Benefit Cost Analysis
See selected analyses conducted by our center community and colleagues.
Guidelines and Reference Case
This project, funded by the Bill and Melinda Gates Foundation, involves developing guidelines for rigorous benefit‐cost analyses. These guidelines will provide a reference case to promote comparability across analyses, and include principles, methodological specifications, and reporting standards.
Guidelines of BCA project indicates a need for more valuation research in mortality & morbidity risk reductions, which could aid in policy implementation and estimating the benefits of alternative interventions. Lisa Robinson participated in an advisory group focused on implementing one such study as part of the DOVE project.
FREQUENTLY ASKED QUESTIONS
What is benefit-cost analysis and how does it differ from cost-effectiveness analysis?

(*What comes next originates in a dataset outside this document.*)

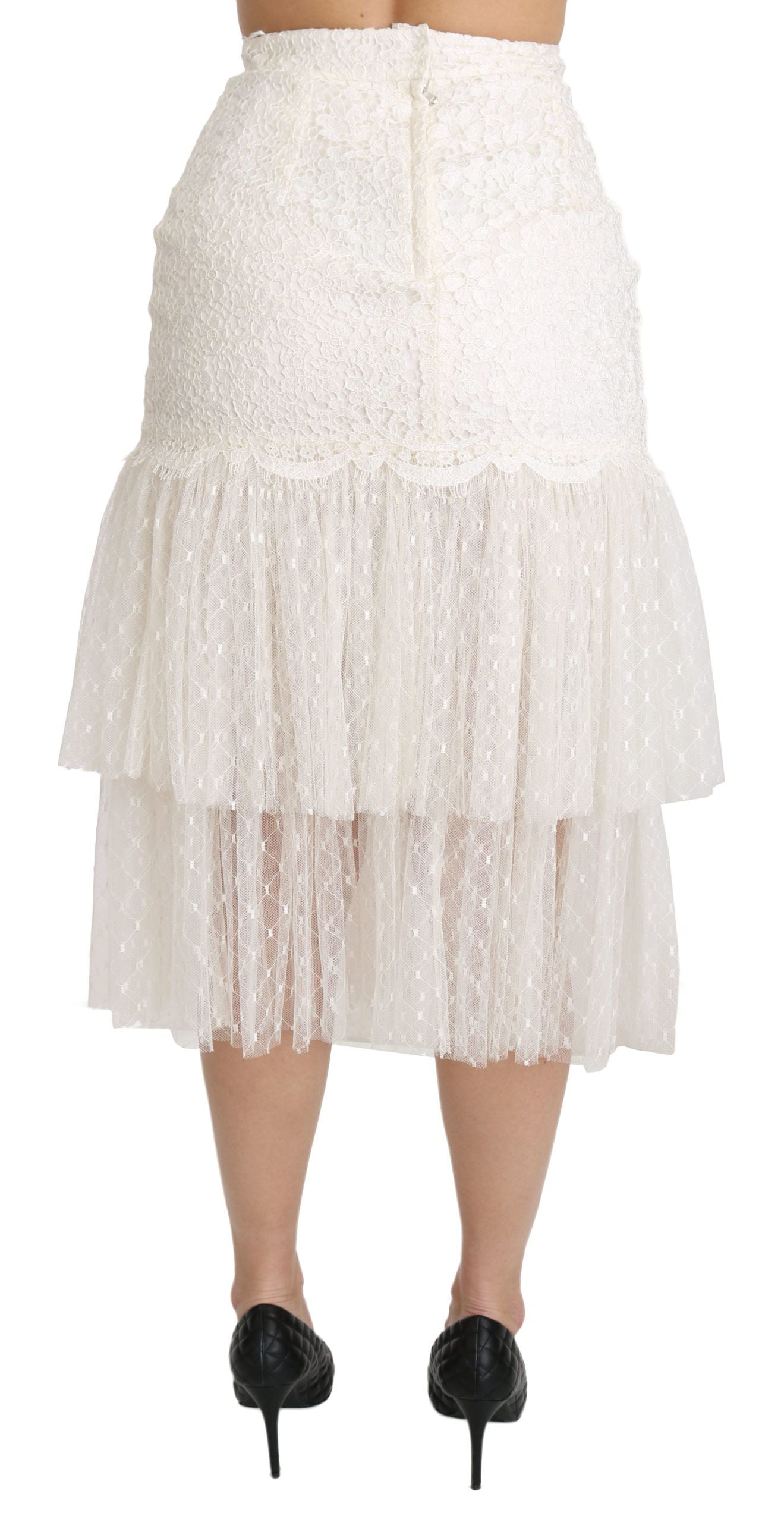 Dolce & Gabbana Elegant White Lace High-Waist Skirt - The Home of Luxury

Both cost‐effectiveness analysis and benefit‐cost analysis provide information on the costs and consequences of investments. The primary difference is that in benefit‐cost analysis, all outcomes are measured in monetary units. In contrast, in cost‐effectiveness analysis the health benefits are measured in a nonmonetary units such as disability‐adjusted life years (DALYs) averted, while costs and other effects are measured in monetary units. Which type of economic analysis is most appropriate depends on the nature of the problem to be addressed and the needs of the decision‐makers.
Why measure outcomes in money?
By using money as a common metric, benefit‐cost analysis in principle allows the simultaneous, integrated consideration of multiple consequences, including both health and non‐health impacts. Money is not important per se; it is simply a convenient way to measure the trade‐offs individuals and societies are willing to make. If an individual chooses to purchase a particular good or service, he or she presumably values that good or service at least as much as the other things he or she could have used that money to buy. More generally, if a country or other funder chooses to spend more on one initiative, it will have fewer resources available to devote to other purposes – including other initiatives that address the same or similar problems.
What is willingness to pay?
Willingness to pay (WTP) is the maximum amount of money an individual would relinquish (i.e., give up, pay) in exchange for some good or service. It is essentially the highest “price” a person would pay for something, such as a health outcome (for example, an individual could have a WTP of $1,000 for a drug that alleviates flu symptoms).